He was late that night, but when he came he kissed her brow as she lay in bed, and she knew that his temper was again smooth. She feigned to be sleepy, though not asleep, as she just put her hand up to his cheek. She did not wish to speak to him again that night, but she was glad to know that in the morning he would smile on her. ‘Be early at breakfast,’ he said to her as he left her next morning, ‘for I’m going down to Silverbridge today.’

Then she started up. ‘To-day!’

‘Yes — by the 11.20. There is plenty of time, only don’t be unusually late.’

Of course she was something more than usually early, and when she came out she found him reading his paper. ‘It’s all settled now,’ he said. ‘Grey has applied for the Hundreds, and Mr Rattler is to move for the new writ tomorrow. It has come rather sudden at last, as these things always do after long delays. But they say the suddenness is rather in my favour.’

‘When will the election take place?’

‘I suppose in about a fortnight; — perhaps a little longer.’

‘And must you be at Silverbridge all that time?’

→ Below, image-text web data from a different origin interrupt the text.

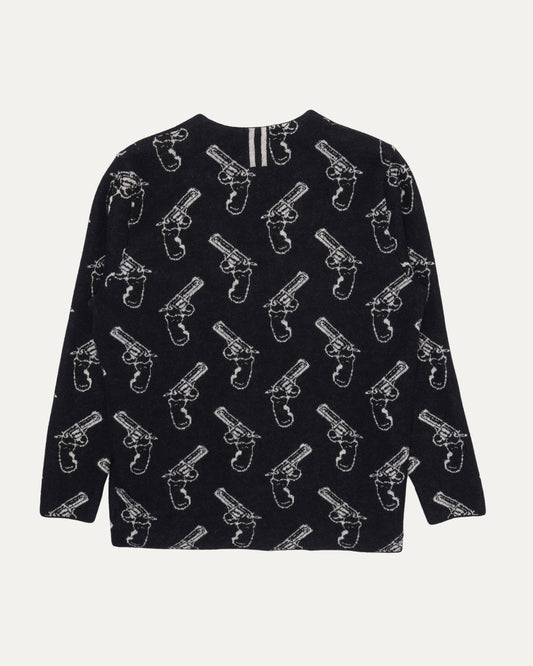 Mohair Blend Gun Cardigan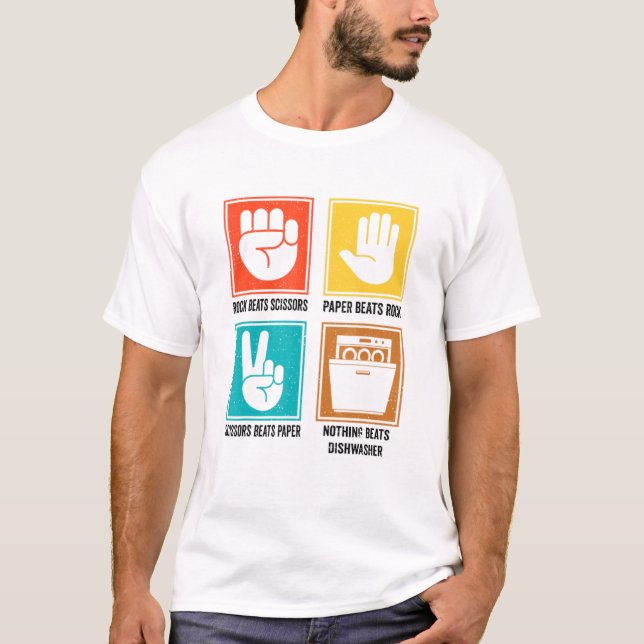 T-shirt Rien De Mieux Que Lave-Vaisselle Awesome Nettoyeur (Devant)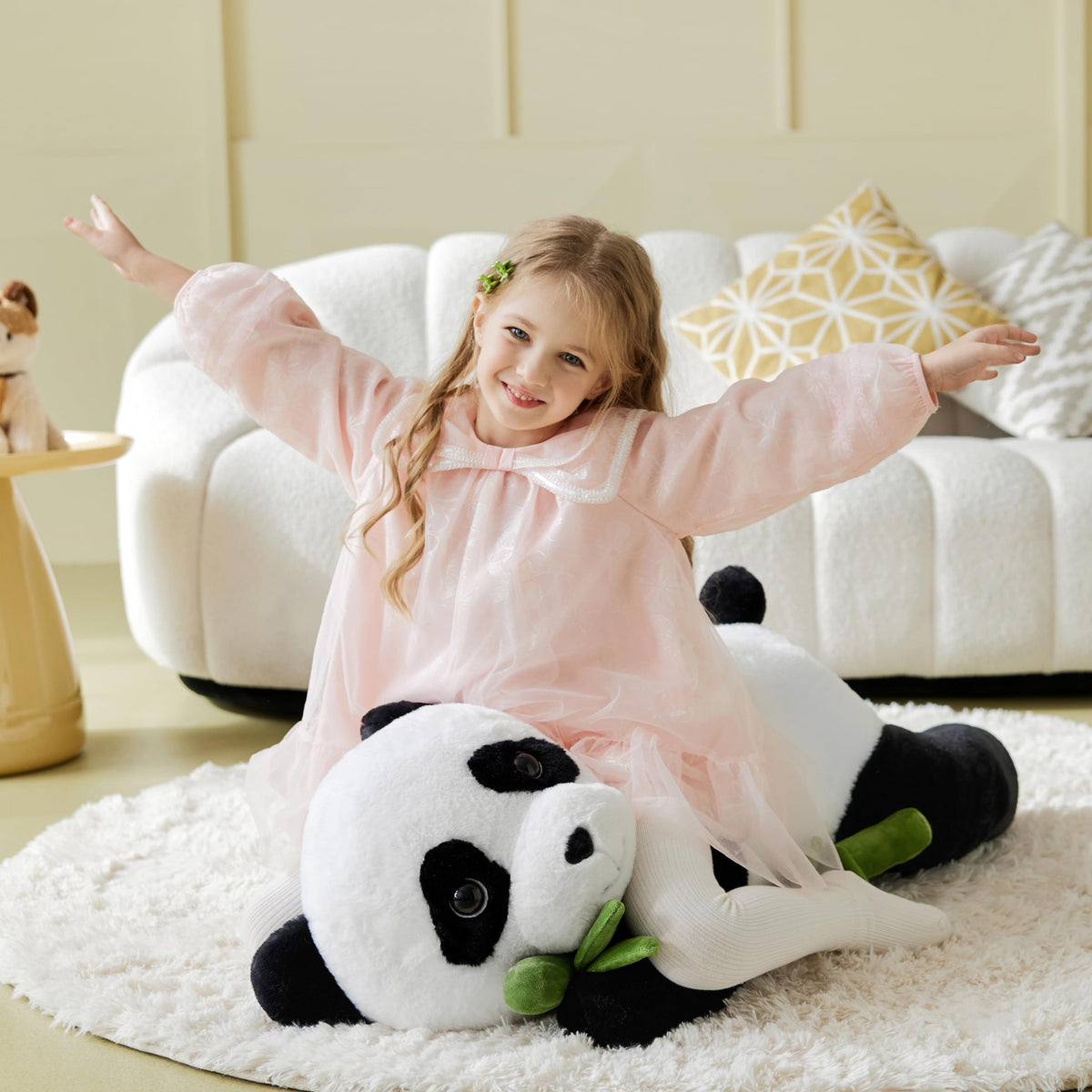 IKASA Giant Panda Plush Toy – 30-Inch Jumbo Cuddle Companion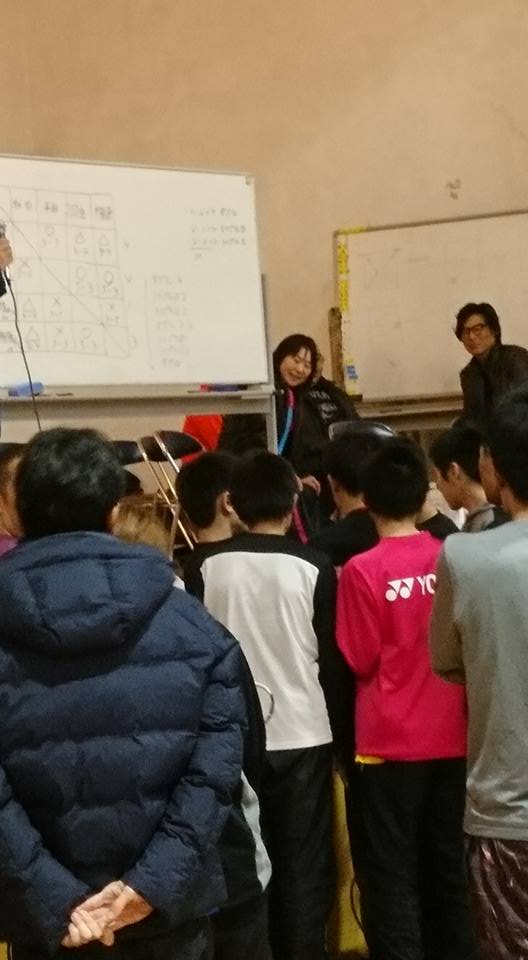 2019 自由ヶ丘高校バドミントン部初打ち 現役メンバー・OB・中学生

‘Oh dear no. I shall stay there to-night, and perhaps tomorrow night. Of course I shall telegraph you directly I find how it is to be. I shall see the principal inhabitants, and probably make a speech or two.’

‘I do wish I could hear you.’

‘You’d find it awfully dull work, my girl. And I shall find it awfully dull too. I do not imagine that Mr Sprugeon and Mr Sprout will be pleasant companions. Well; I shall stay there a day or two and settle when I am to go down for the absolute canvass. I shall have to go with my hat in my hand to every blessed inhabitant in that dirty little town, and ask them all to be kind enough to drop in a paper for the most humble of their servants, Ferdinand Lopez.’

‘I suppose all candidates have to do the same.’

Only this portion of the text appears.